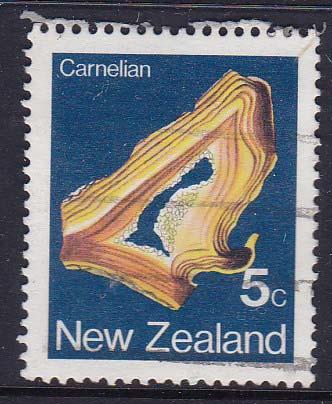 New Zealand 1982 Minerals Carnelian- 5c used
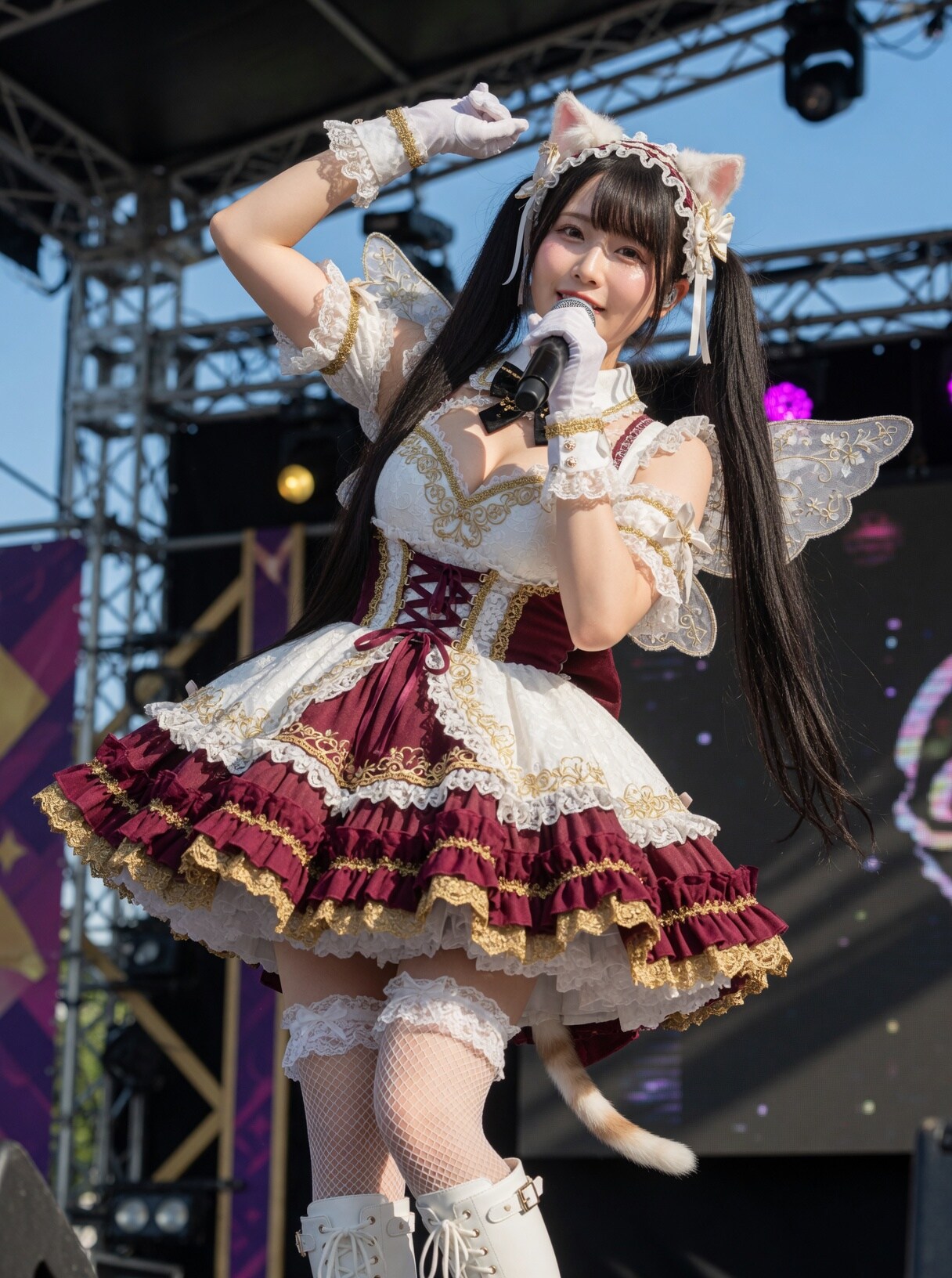 黒ツイにゃん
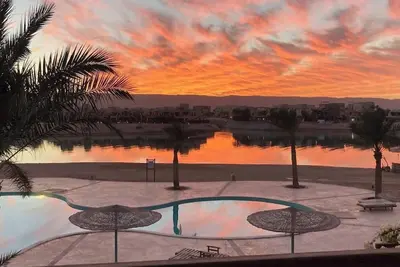 Image de Sabina 1br apartment Lagoon view with shared pool By Beit Fel Gouna Bfg
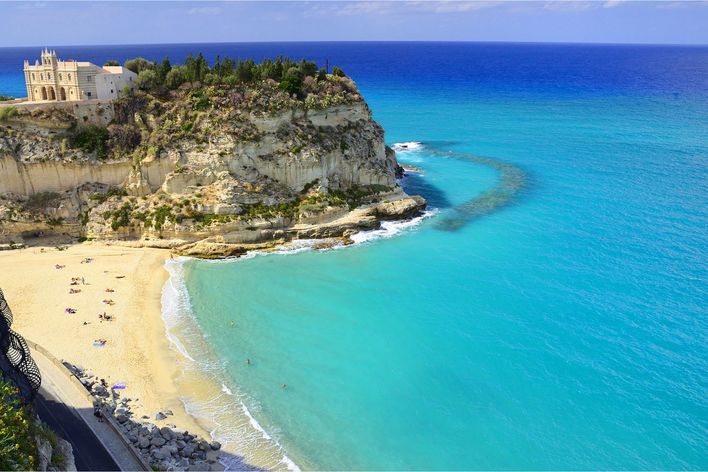 Steilküste von Tropea mit hellem Sandstrand und türkisblauem Meer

◆ Your instructions
Output only the lines from the line that contains "Image de Sabina" through the end of the material, both ends included, and skip every picture.

◆ Answer for the task
 Image de Sabina 1br apartment Lagoon view with shared pool By Beit Fel Gouna Bfg
 Steilküste von Tropea mit hellem Sandstrand und türkisblauem Meer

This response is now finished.